> Your instructions
The lines in the listing below are to be given again exactly, starting at the line holding "लिभरपुलको च्याम्पियन्स लिगमा" and ending at the line holding "NAVY LEATHER". Do not include pictures.

> Source information

::::::::::

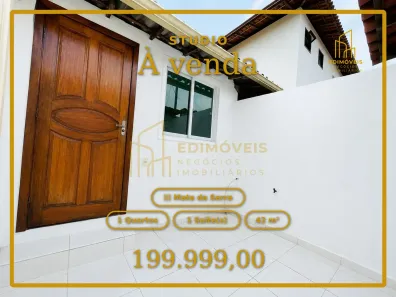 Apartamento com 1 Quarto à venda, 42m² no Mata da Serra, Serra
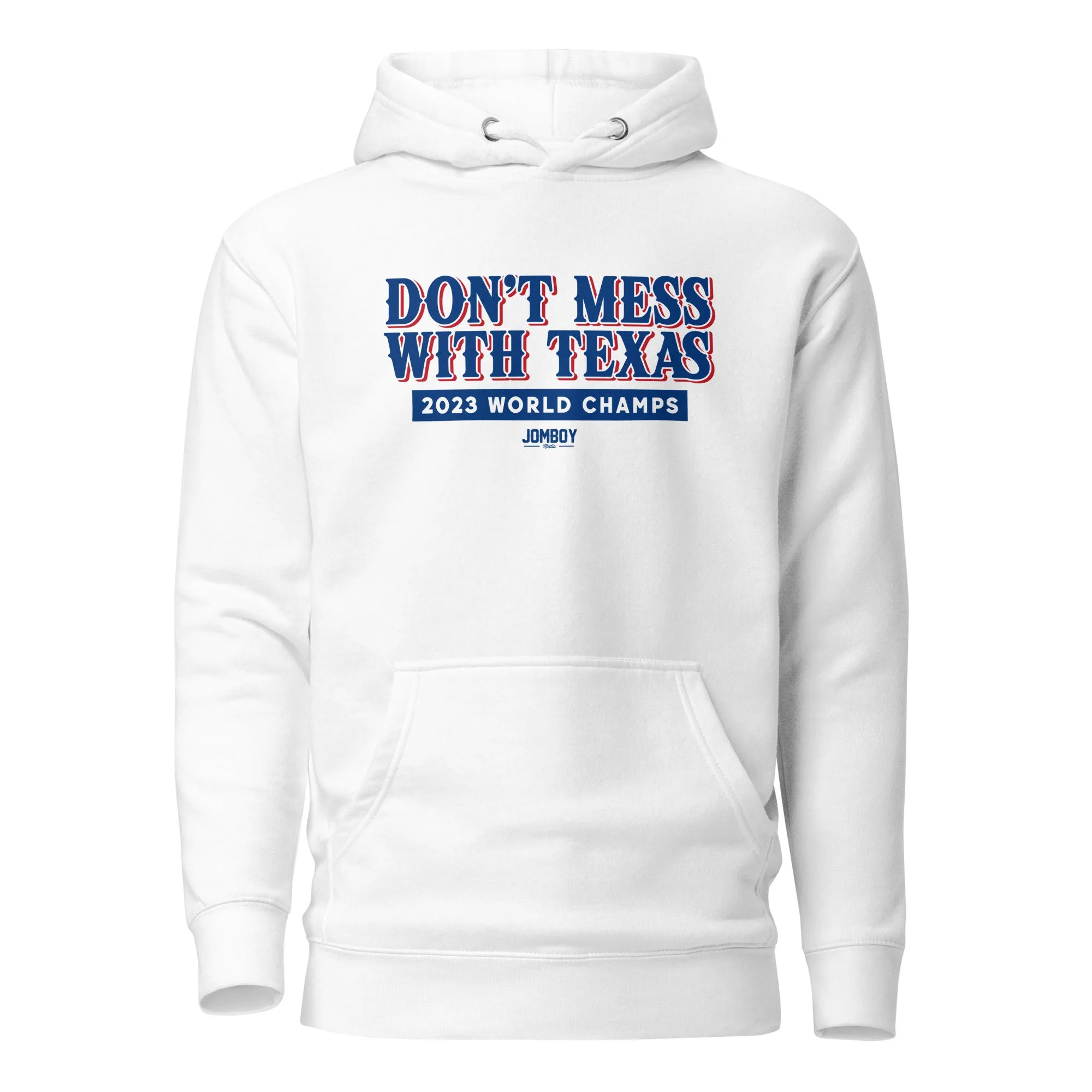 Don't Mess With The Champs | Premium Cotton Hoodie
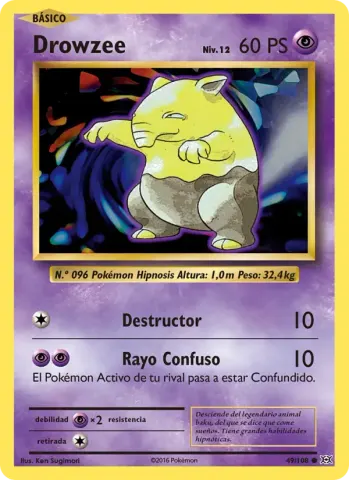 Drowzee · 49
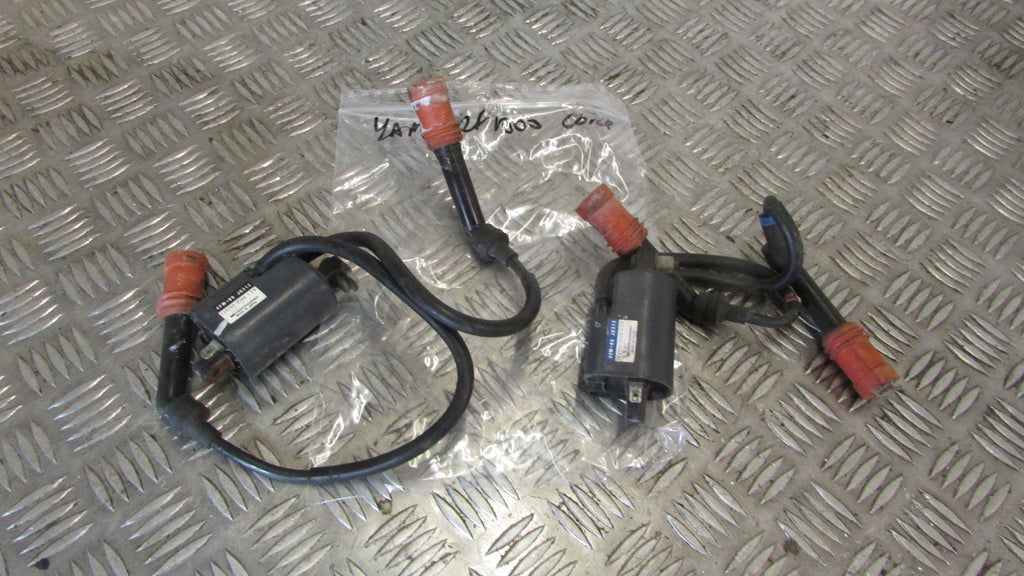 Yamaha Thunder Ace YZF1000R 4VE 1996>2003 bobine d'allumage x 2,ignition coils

::::::::::

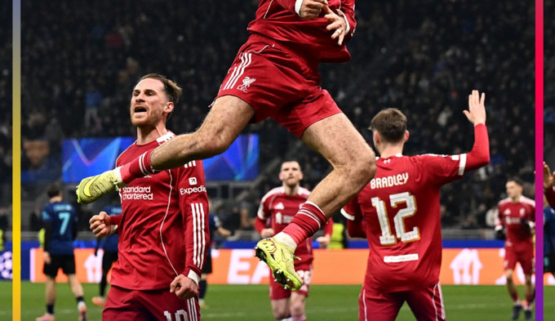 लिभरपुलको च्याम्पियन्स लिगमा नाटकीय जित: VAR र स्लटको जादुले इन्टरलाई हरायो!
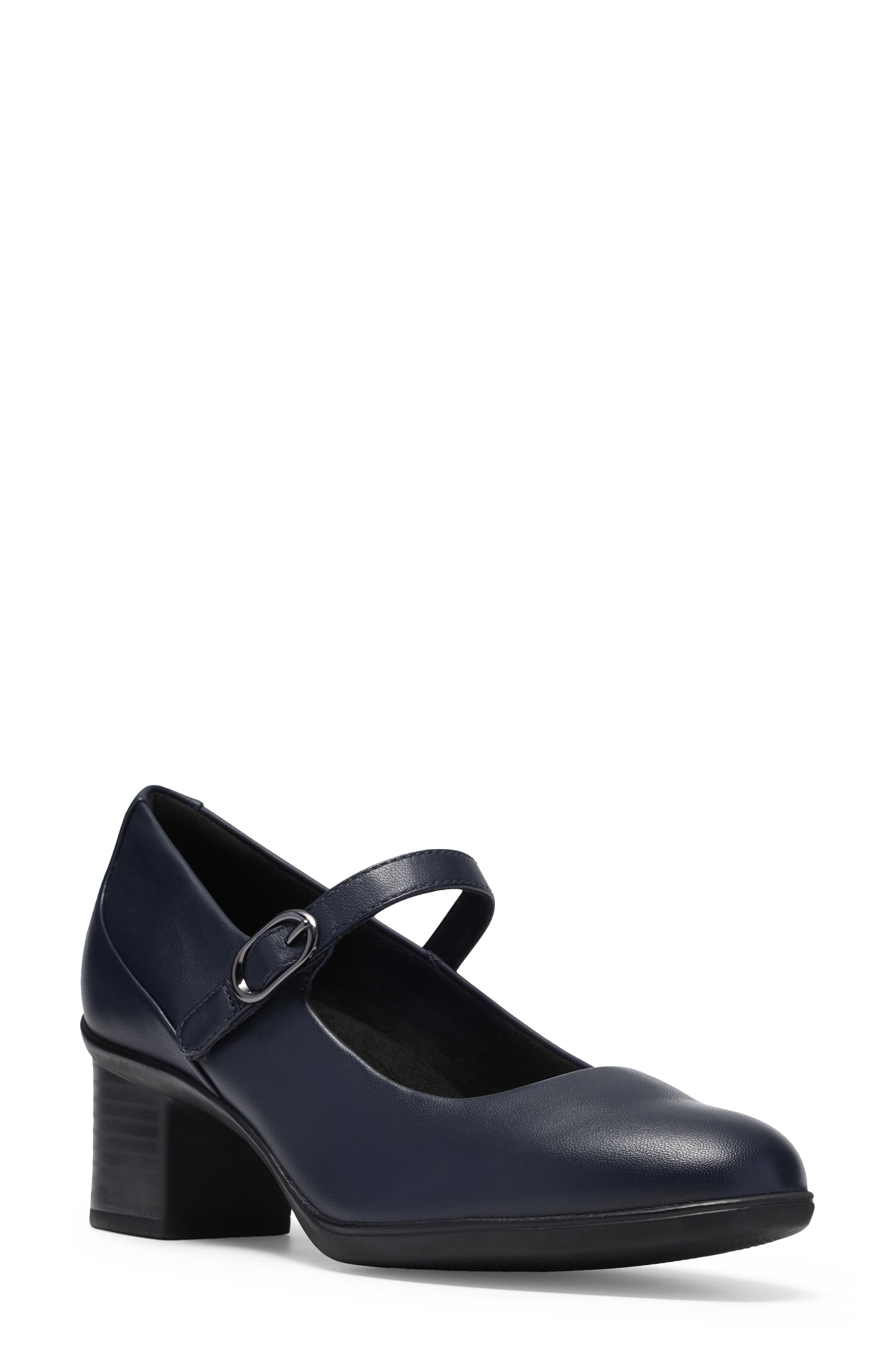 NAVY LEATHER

::::::::::

> Task response
 लिभरपुलको च्याम्पियन्स लिगमा नाटकीय जित: VAR र स्लटको जादुले इन्टरलाई हरायो!
 NAVY LEATHER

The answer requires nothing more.